● **PROVIDED DATA**:
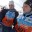 Лыжницы из Ляминой и Белого Яра приняли участие в окружных соревнованиях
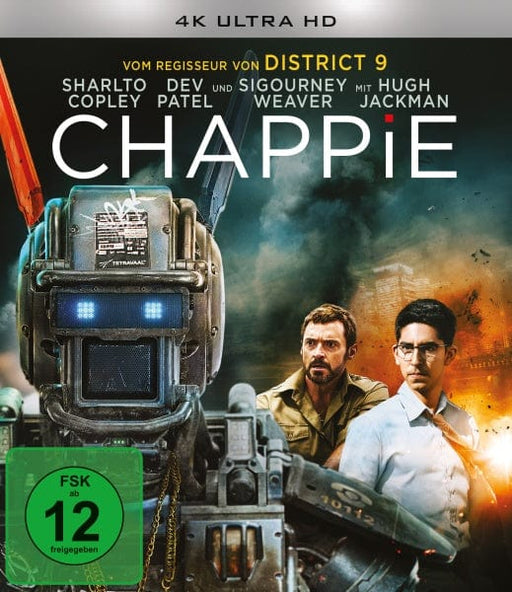 Sony Pictures Entertainment (PLAION PICTURES) 4K Ultra HD - Film Chappie (4K-UHD)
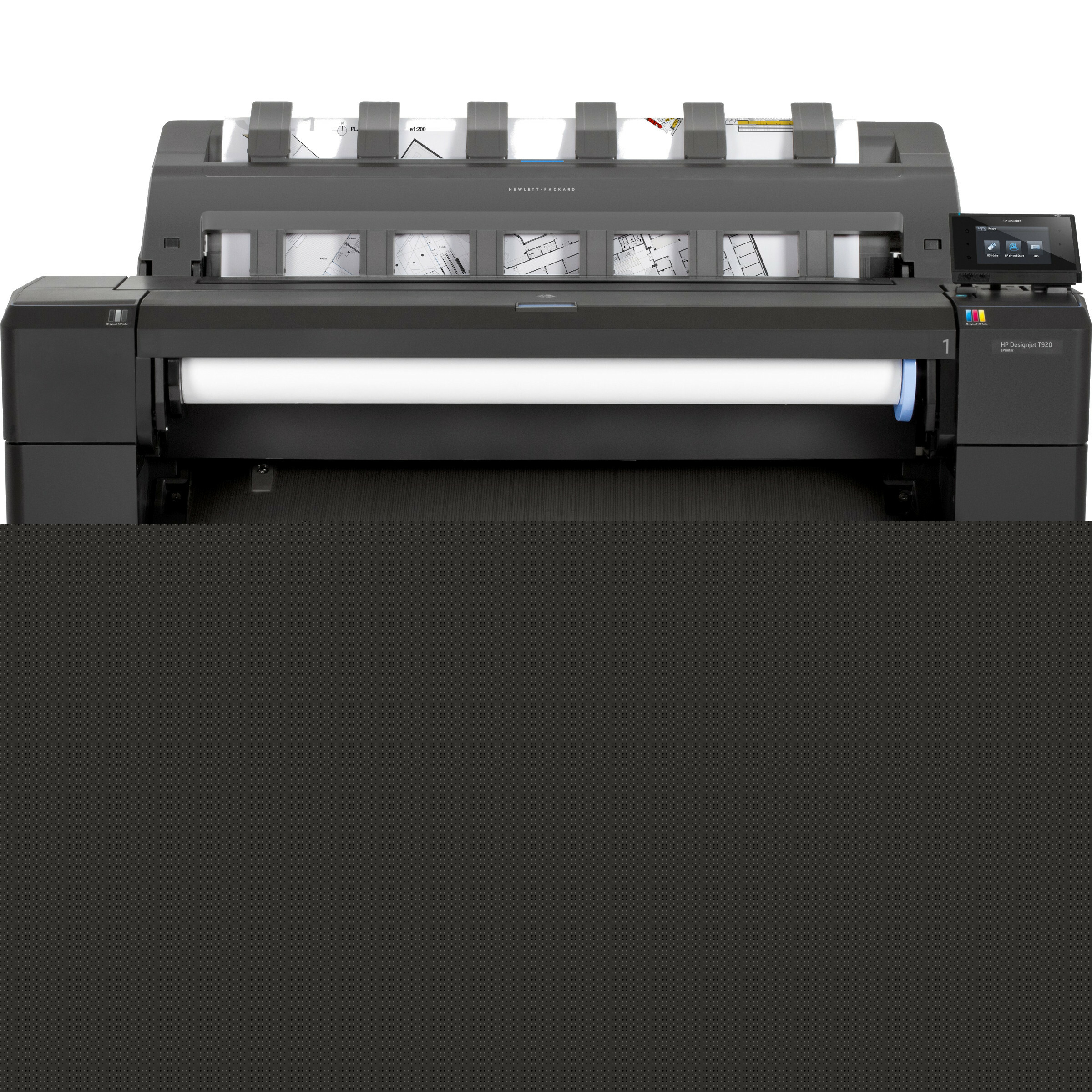 HP CR355A#B1K Large Format Printer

● **ACTIVITY**: What you give back must be exactly the lines of the listing above from the line containing "Sony Pictures Entertainment" through its last line, inclusive, without pictures, please.

● **RESULT FOR THIS EXERCISE**:
 Sony Pictures Entertainment (PLAION PICTURES) 4K Ultra HD - Film Chappie (4K-UHD)
 HP CR355A#B1K Large Format Printer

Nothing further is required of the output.